| Data section |
++++
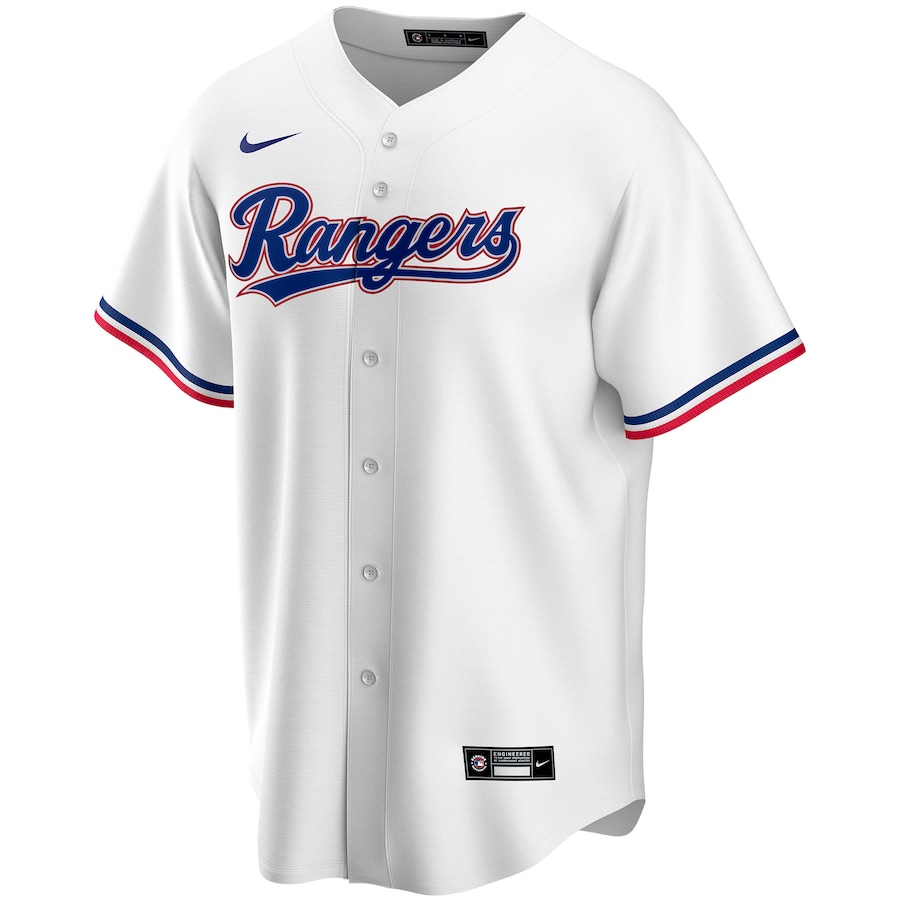 Texas Rangers Nike Home Replica Custom Jersey - White thumbnail 3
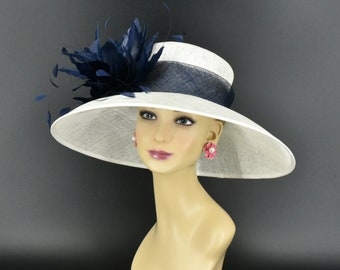 SD17( White+ More colors Options )Kentucky Derby Hat Church Hat Wedding Hat Easter Hat Tea Party Hat Wide Brim Sinamay Hat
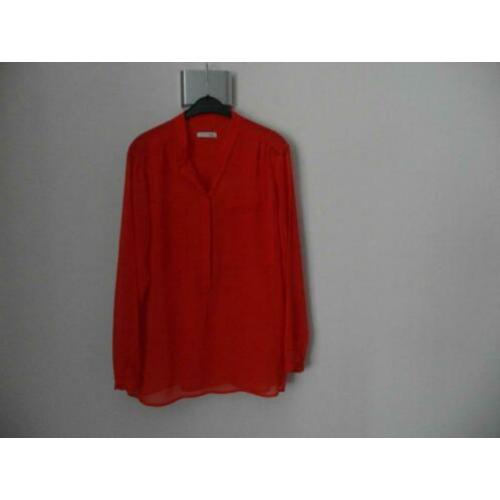 Voille oranje blouse merk Second Female maat L lange mouw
++++
| Required work |
Word-for-word repeat, images excluded: return all the data.

| Output below |
 Texas Rangers Nike Home Replica Custom Jersey - White thumbnail 3
 SD17( White+ More colors Options )Kentucky Derby Hat Church Hat Wedding Hat Easter Hat Tea Party Hat Wide Brim Sinamay Hat
 Voille oranje blouse merk Second Female maat L lange mouw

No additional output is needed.